WHAT YOU HAVE TO DO >> Write out every line of the material as it stands, apart from the pictures.

PROVIDED MATERIAL >>

=== Section Start ===

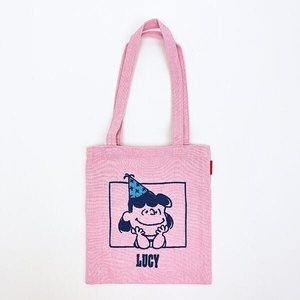 スヌーピーのミニトートバッグ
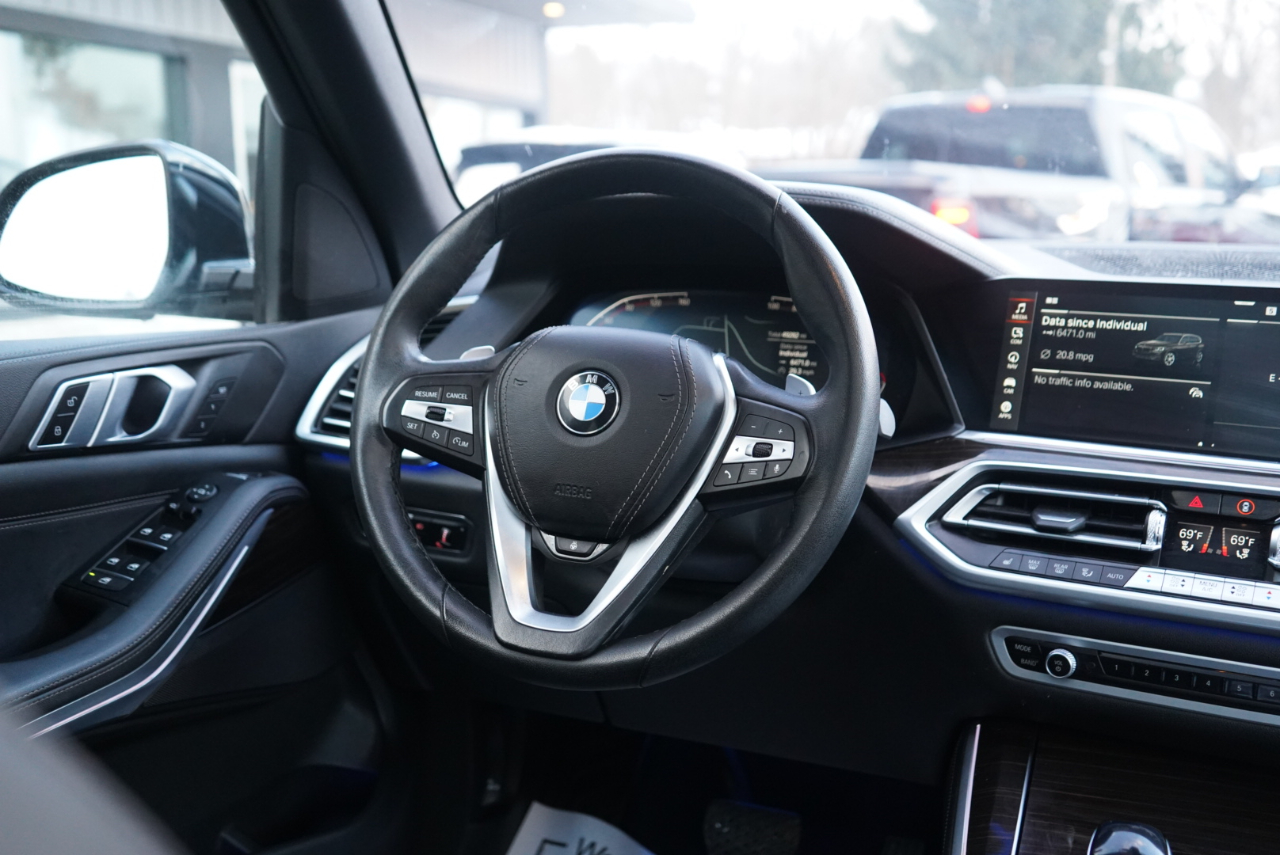 BMW X5 xDrive40i Sports Activity Vehicle 2023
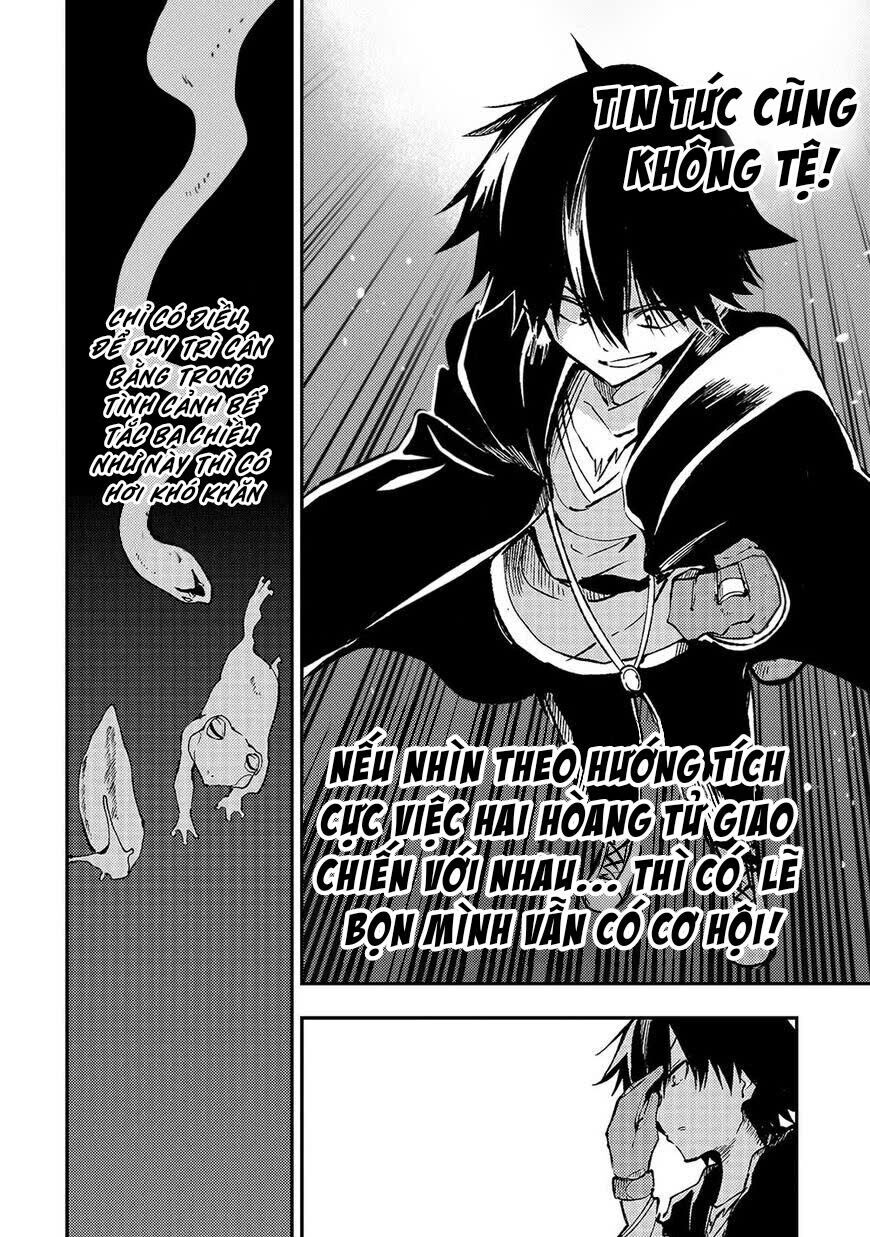 Hành Trình Cô Độc Nơi Dị Giới: Chapter 135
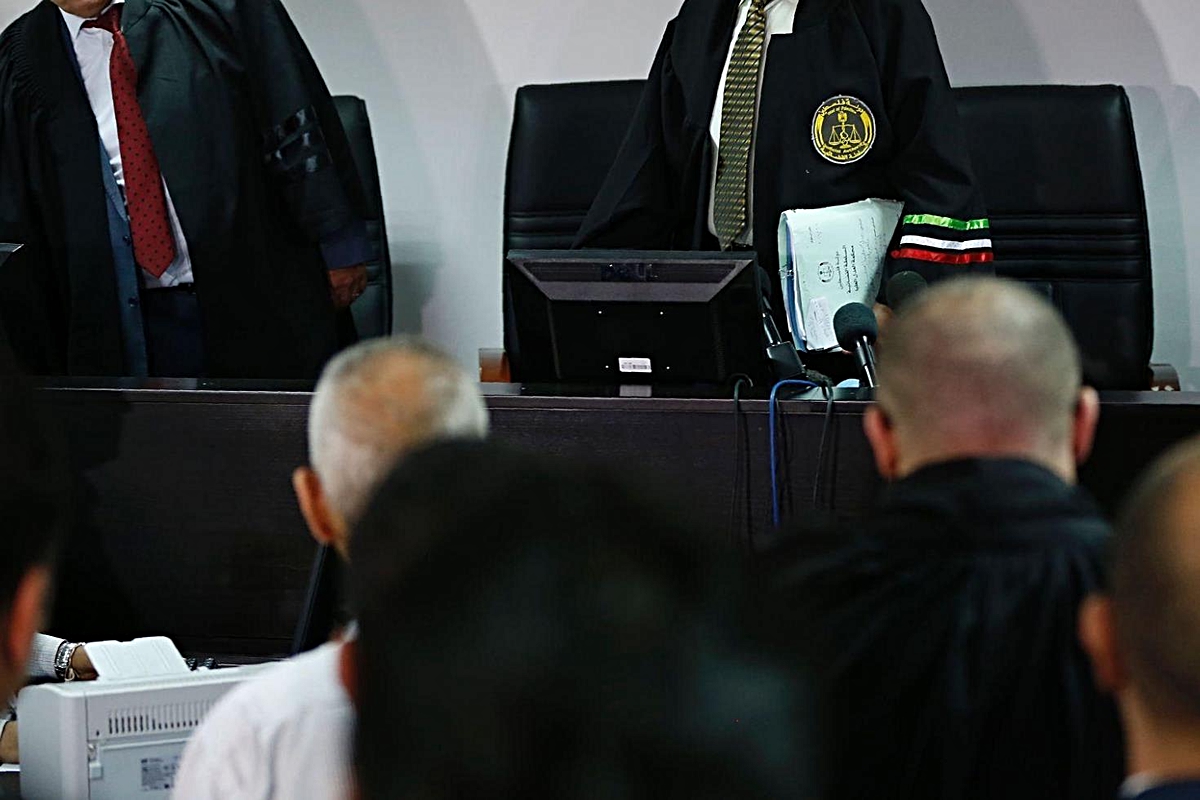 Filistinli hakim ve savcılar Türkiye'de! Siber suçlarla mücadele eğitimi alacaklar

=== Section End ===

SOLUTION TO THIS PROBLEM >>
 スヌーピーのミニトートバッグ
 BMW X5 xDrive40i Sports Activity Vehicle 2023
 Hành Trình Cô Độc Nơi Dị Giới: Chapter 135
 Filistinli hakim ve savcılar Türkiye'de! Siber suçlarla mücadele eğitimi alacaklar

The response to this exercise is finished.